→ **EXERCISE MATERIAL**:
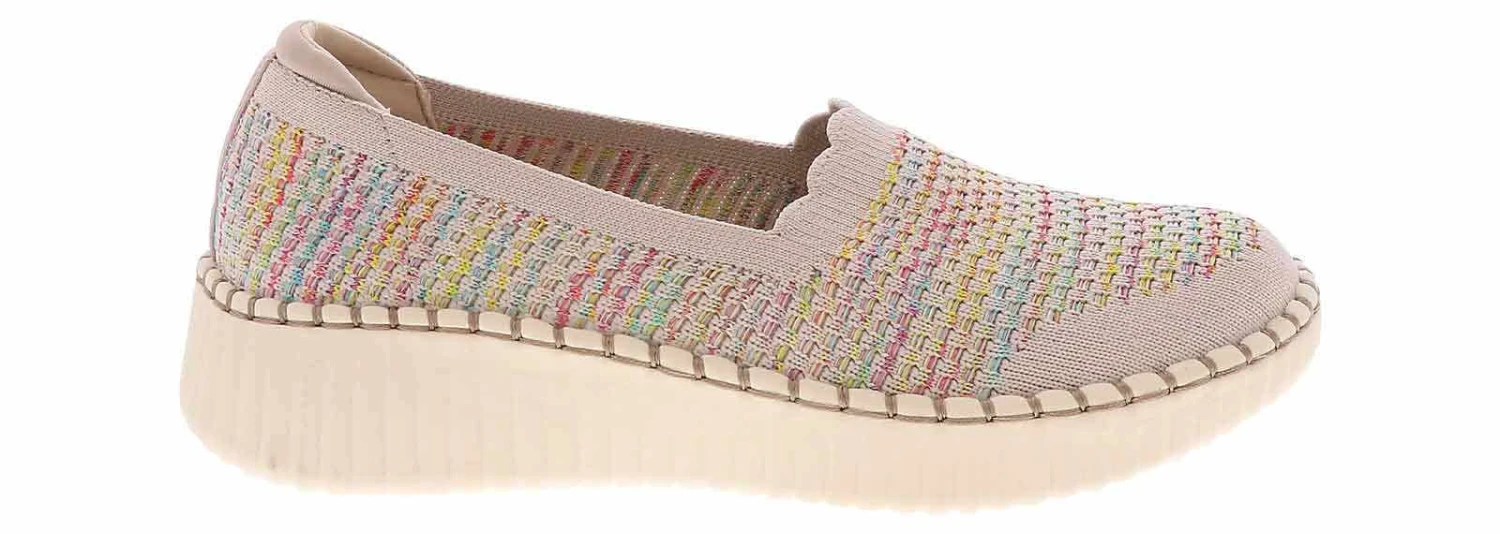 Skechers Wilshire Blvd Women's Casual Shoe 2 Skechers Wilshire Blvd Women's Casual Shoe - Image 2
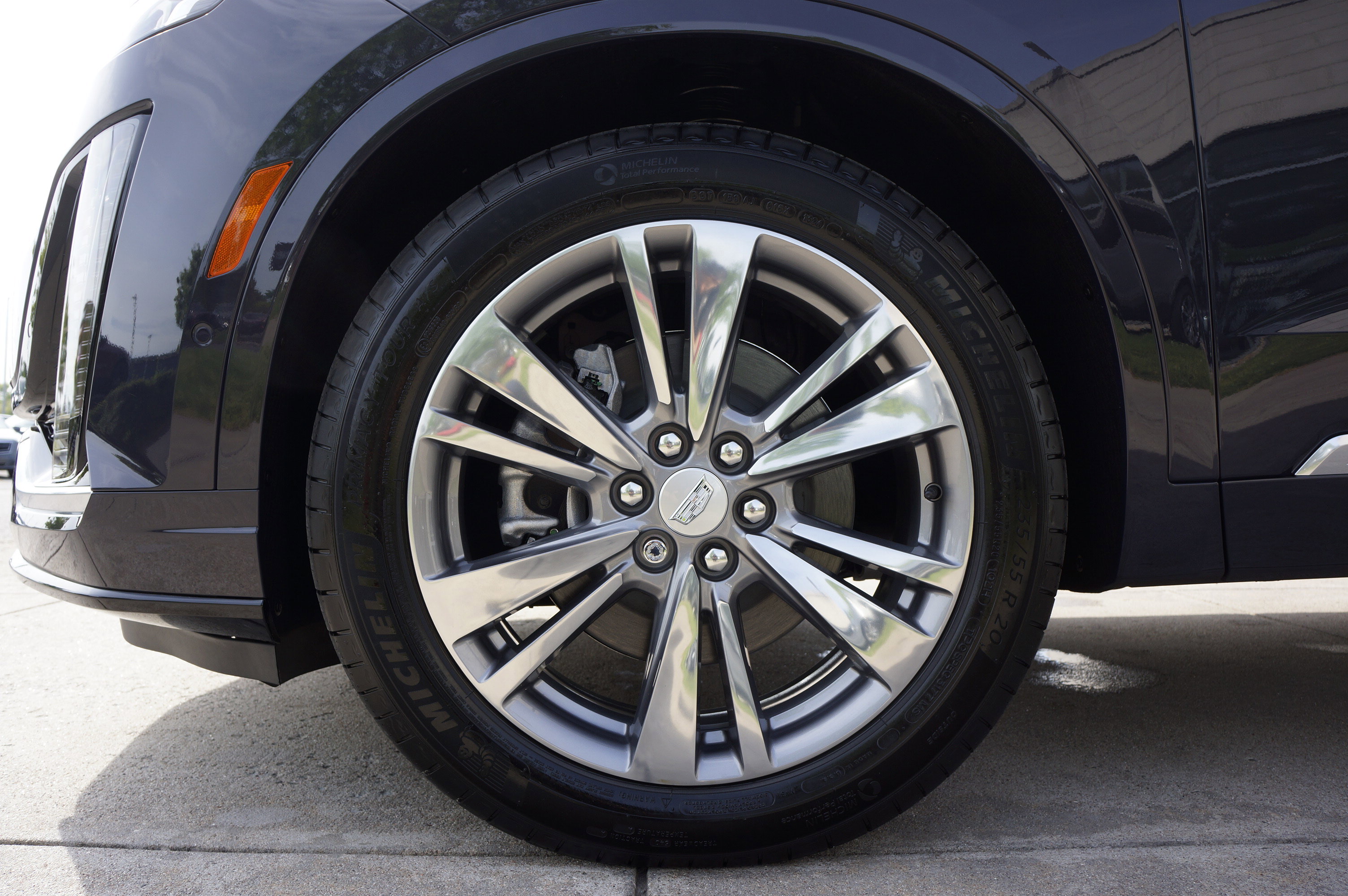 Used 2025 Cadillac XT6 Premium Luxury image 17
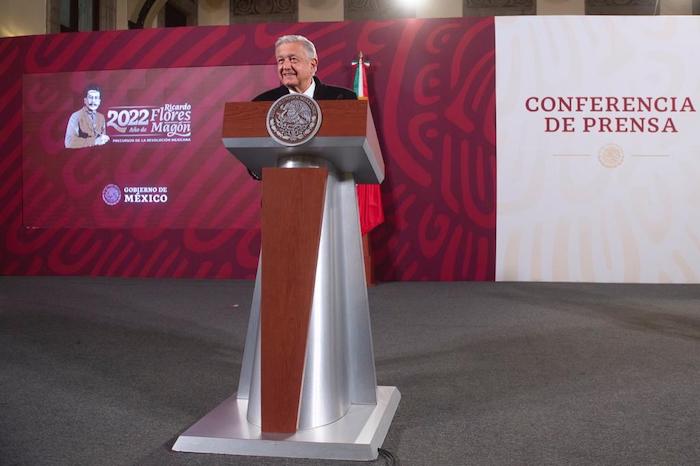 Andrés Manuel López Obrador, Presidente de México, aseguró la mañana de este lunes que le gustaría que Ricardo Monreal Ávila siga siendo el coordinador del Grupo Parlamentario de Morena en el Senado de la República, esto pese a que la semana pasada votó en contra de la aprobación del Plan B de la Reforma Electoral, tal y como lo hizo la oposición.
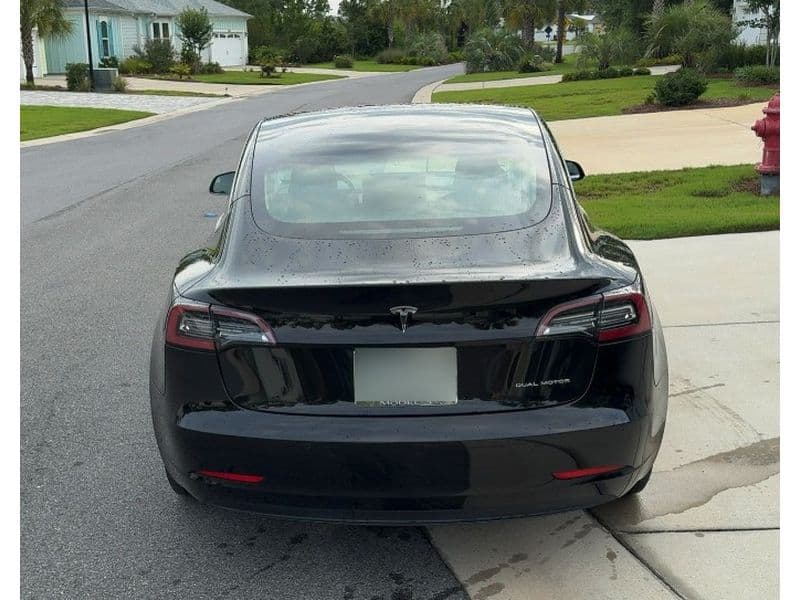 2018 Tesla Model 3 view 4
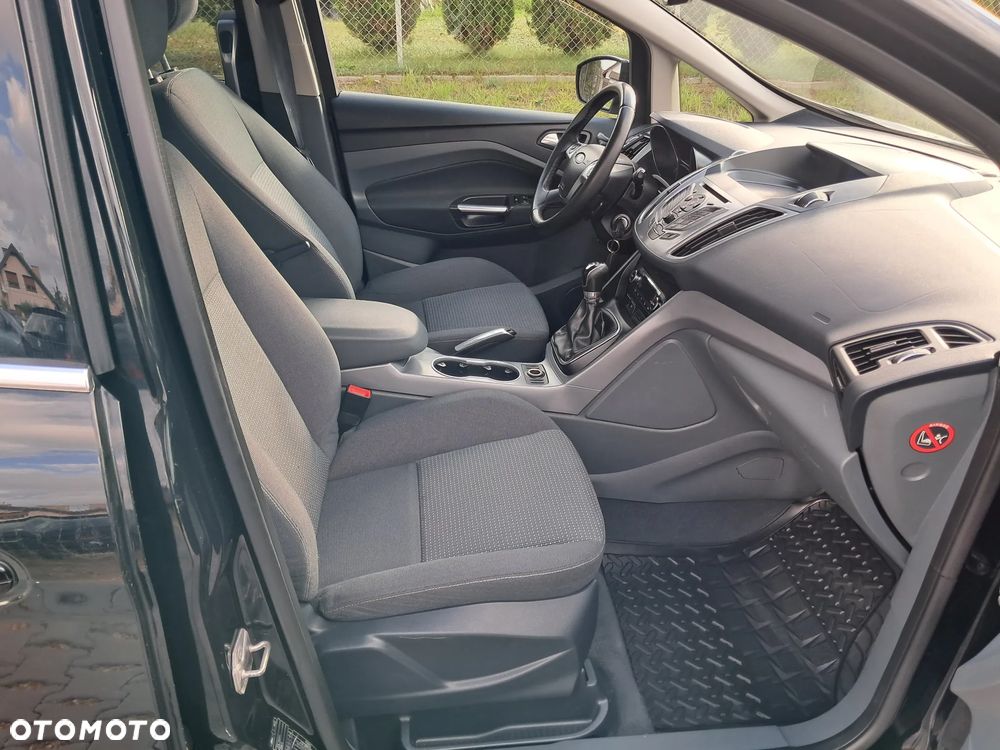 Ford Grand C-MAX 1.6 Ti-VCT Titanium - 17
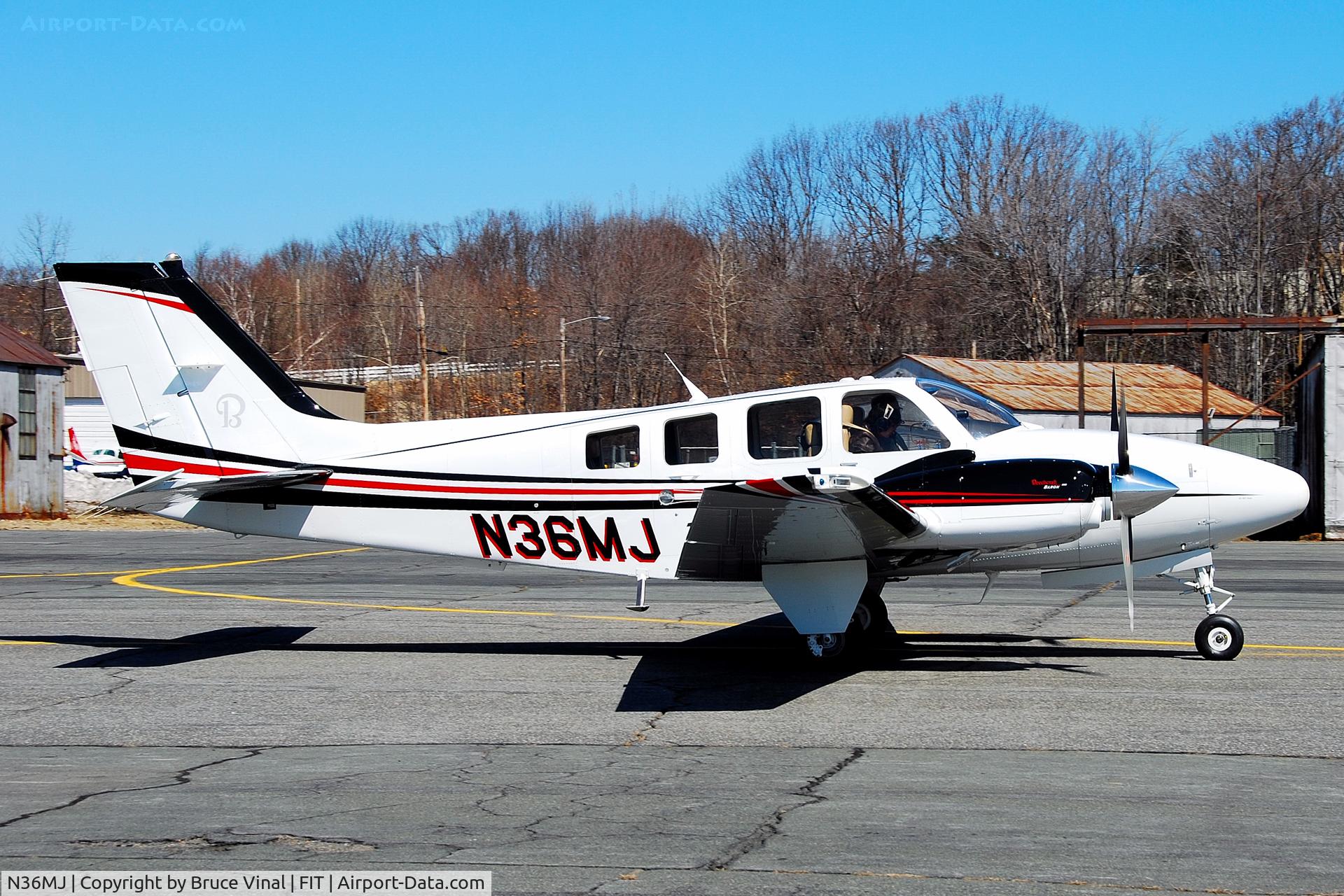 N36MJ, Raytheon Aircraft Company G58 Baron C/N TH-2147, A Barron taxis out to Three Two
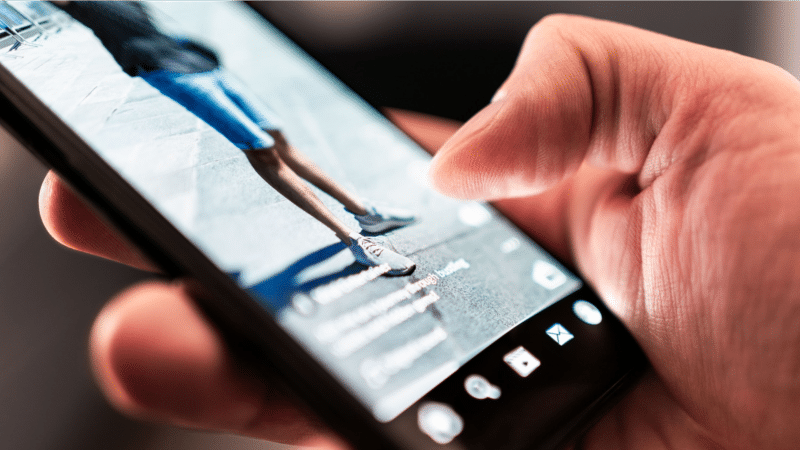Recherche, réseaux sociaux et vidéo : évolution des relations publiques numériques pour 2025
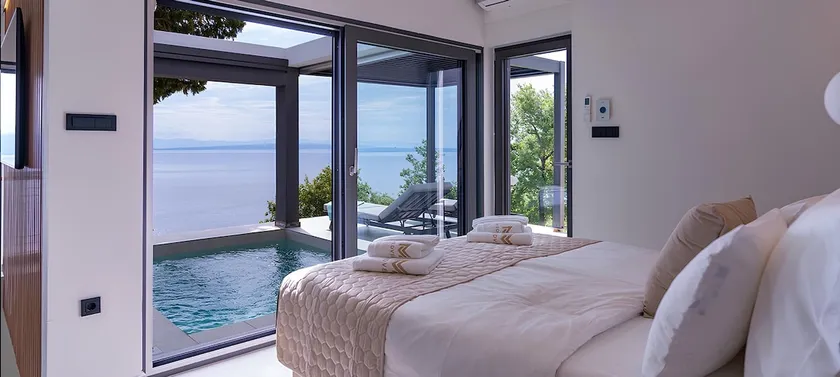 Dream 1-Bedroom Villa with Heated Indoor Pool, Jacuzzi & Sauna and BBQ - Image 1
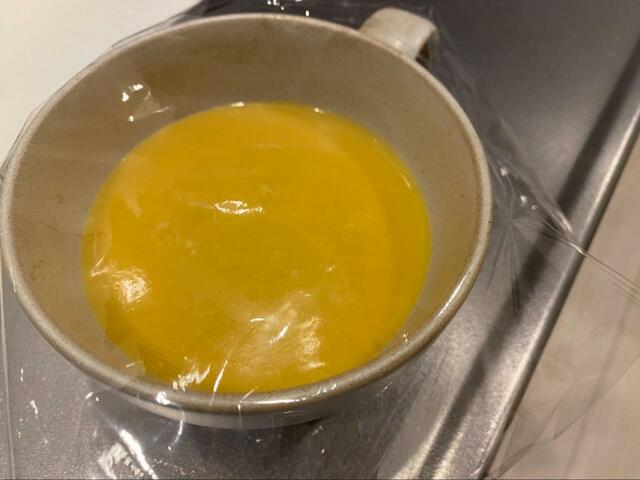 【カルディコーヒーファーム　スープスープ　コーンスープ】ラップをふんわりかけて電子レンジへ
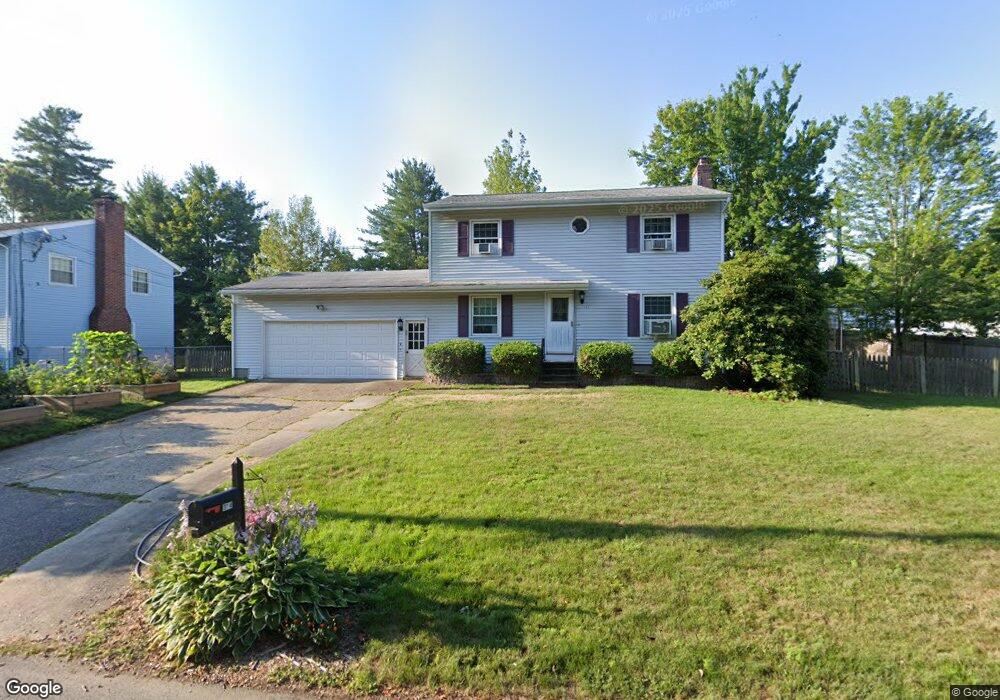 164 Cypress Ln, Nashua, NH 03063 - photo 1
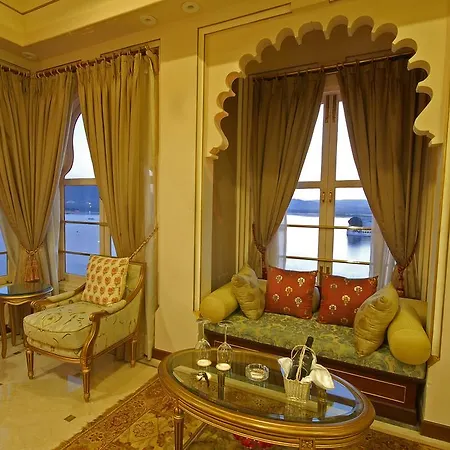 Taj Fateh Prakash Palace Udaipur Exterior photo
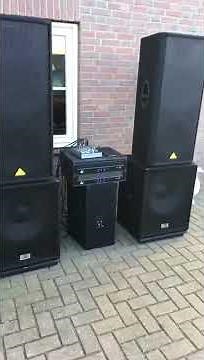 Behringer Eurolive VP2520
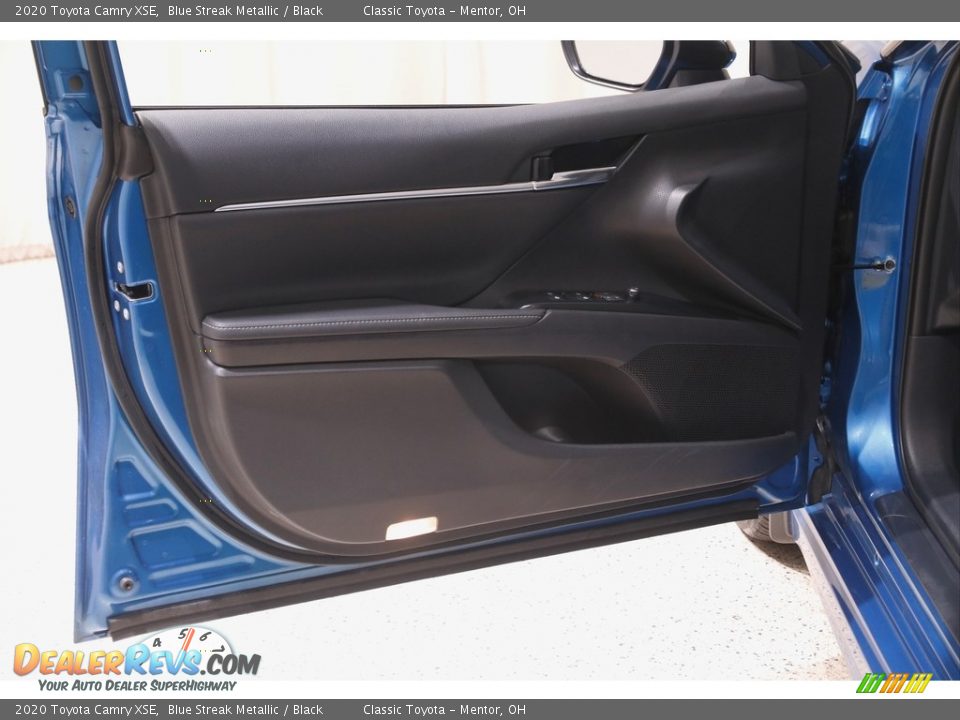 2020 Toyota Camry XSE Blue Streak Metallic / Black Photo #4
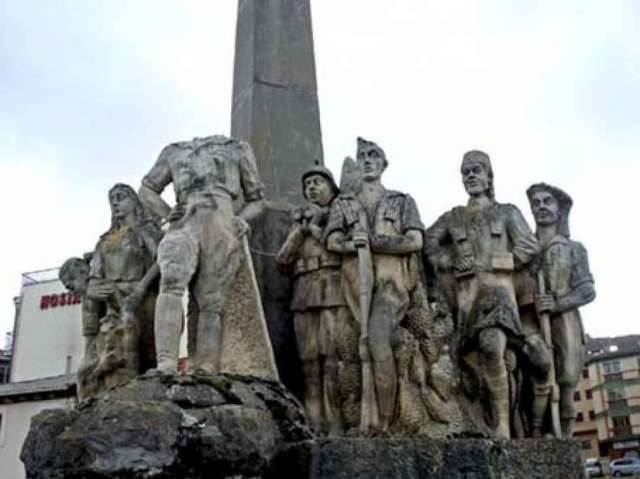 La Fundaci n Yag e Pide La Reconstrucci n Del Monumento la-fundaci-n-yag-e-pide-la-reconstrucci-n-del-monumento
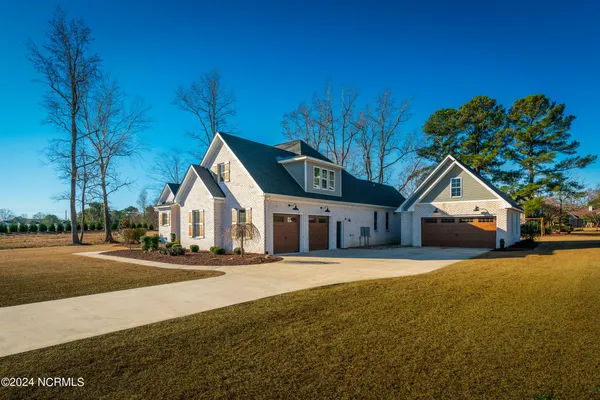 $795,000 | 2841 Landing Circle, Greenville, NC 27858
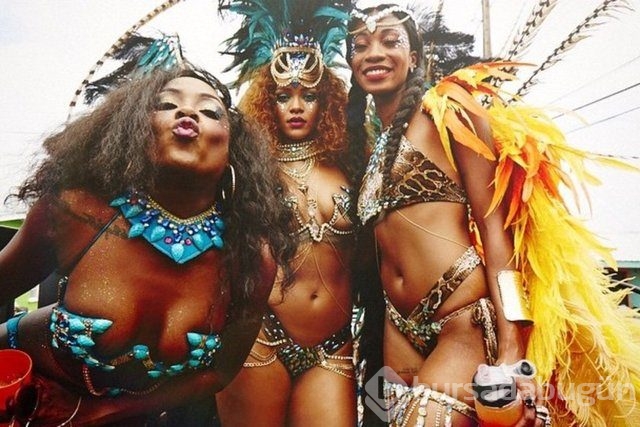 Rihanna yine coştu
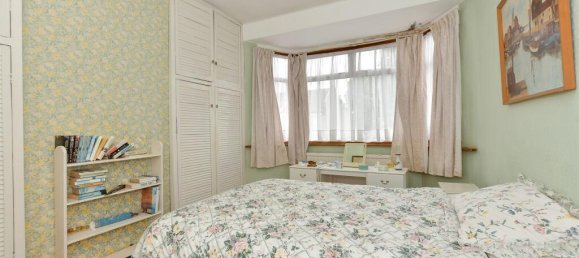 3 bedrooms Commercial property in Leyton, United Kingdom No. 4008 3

→ **WHAT IS EXPECTED**:
Give again, please, precisely the lines that begin the records and run through the line with "Andrés Manuel López" in it, keeping both end lines and dropping any pictures.

→ **WRITTEN RESPONSE**:
 Skechers Wilshire Blvd Women's Casual Shoe 2 Skechers Wilshire Blvd Women's Casual Shoe - Image 2
 Used 2025 Cadillac XT6 Premium Luxury image 17
 Andrés Manuel López Obrador, Presidente de México, aseguró la mañana de este lunes que le gustaría que Ricardo Monreal Ávila siga siendo el coordinador del Grupo Parlamentario de Morena en el Senado de la República, esto pese a que la semana pasada votó en contra de la aprobación del Plan B de la Reforma Electoral, tal y como lo hizo la oposición.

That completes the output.